Provide service alerting/statistics for the citoid and zotero services
Closed, ResolvedPublic

Description

So we notice if it falls over.

Event Timeline

Jdforrester-WMF raised the priority of this task from to High.
Jdforrester-WMF updated the task description. (Show Details)
Jdforrester-WMF added a project: Citoid.

Something like

https://wikitech.wikimedia.org/wiki/Parsoid#Monitoring ?

I don't have access to the current living versions of citoid except for the one in the services project on novawiki (a.k.a. not the one Roan set up for deploy) so I'm not sure how much I can do here- although I am happy to be given access and mess around :).

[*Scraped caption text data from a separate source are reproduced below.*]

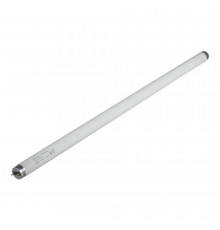 Лампа люминесцентная Osram G13 T8 18 Вт 4000К нейтральный свет трубка 590 мм (25 шт.) (55650/959751)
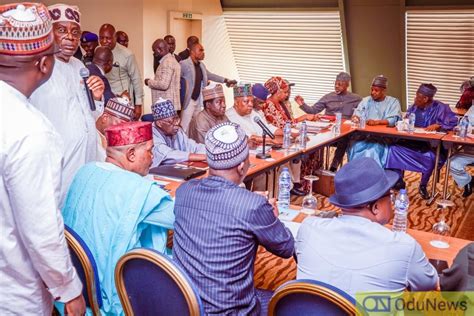 Tinubu Apc Nwc Governors Meet Over Party S Manifesto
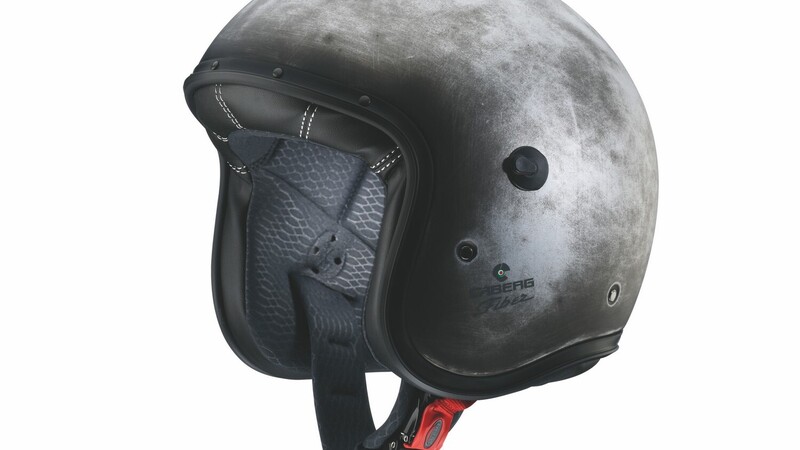 Casco jet Caberg Freeride Iron e Rusty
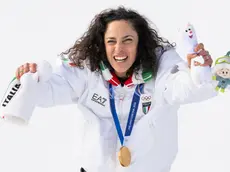 Federica Brignone e il suo fantastico oro olimpico in superG
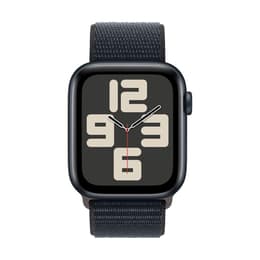 Apple Watch SE Series 2 44mm - GPS + Cellularモデル - アルミニウム ミッドナイト ケース- スポーツループ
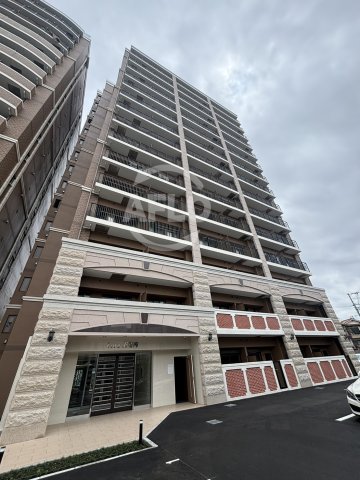 建物外観　Luxe玉造南　外観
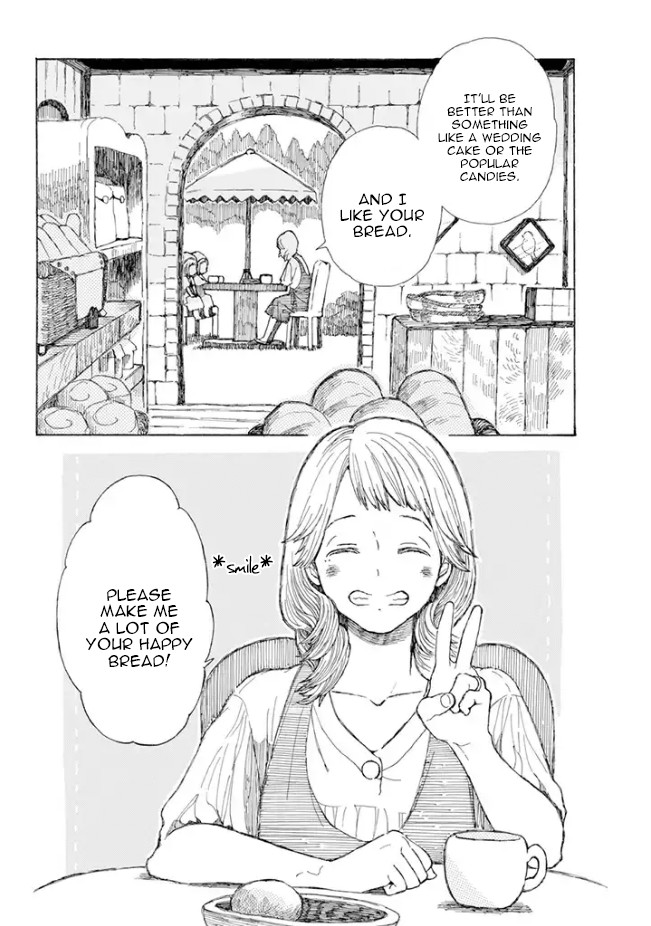 Nanahoshi to Tachibana Chapter 2 page 2 - Chapter 2: Small Bread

Also we probably need to monitor Zotero too. Moreso, I think. I've had some random Zotero dying happen on me and I was never able to replicate the circumstances that caused it.

Mvolz renamed this task from Provide service monitoring for the citoid service to Provide service monitoring for the citoid and zotero services.Jan 25 2015, 8:42 PM
Mvolz set Security to None.

James, should this be tagged SRE?

There are different ways to monitor it. High-level by putting metrics in ganglia and then checking for changes there or a bit lower-level with Icinga to check stuff like "is the process even running". I can do the latter, while others are more familiar with the former. If you want something in Icinga let me know a typical line from the output of "ps" please that indicates zotero process is running normally.

The icinga stuff for zotero is done in https://gerrit.wikimedia.org/r/#/c/194495/10/modules/nagios_common/files/checkcommands.cfg,cm

It is an HTTP check in that it tries to convert (yes it is actually converting, not exporting as the /export url suggests) an empty citation to the "wikipedia" format. Getting metrics out of zotero in order to have meaningful graphs in graphite or ganglia, I don't think is doable. I haven't found yet a way to query zotero about it's internal state so I am guessing if we want something we will have to rely on log parsing.

akosiaris renamed this task from Provide service monitoring for the citoid and zotero services to Provide service alerting/statistics for the citoid and zotero services.Mar 16 2015, 7:29 PM

As mentioned above, the alerting part is done

Change 197126 had a related patch set uploaded (by Mobrovac):
Report metrics using StatsD

https://gerrit.wikimedia.org/r/197126

Change 197310 had a related patch set uploaded (by Mobrovac):
Citoid: set the StatsD host to statsd.eqiad.wmnet

https://gerrit.wikimedia.org/r/197310

Change 197310 merged by Alexandros Kosiaris:
Citoid: set the StatsD host to statsd.eqiad.wmnet

https://gerrit.wikimedia.org/r/197310

Change 197126 merged by jenkins-bot:
Report metrics using StatsD

https://gerrit.wikimedia.org/r/197126

Stats collection will go live in the next citoid service production deploy.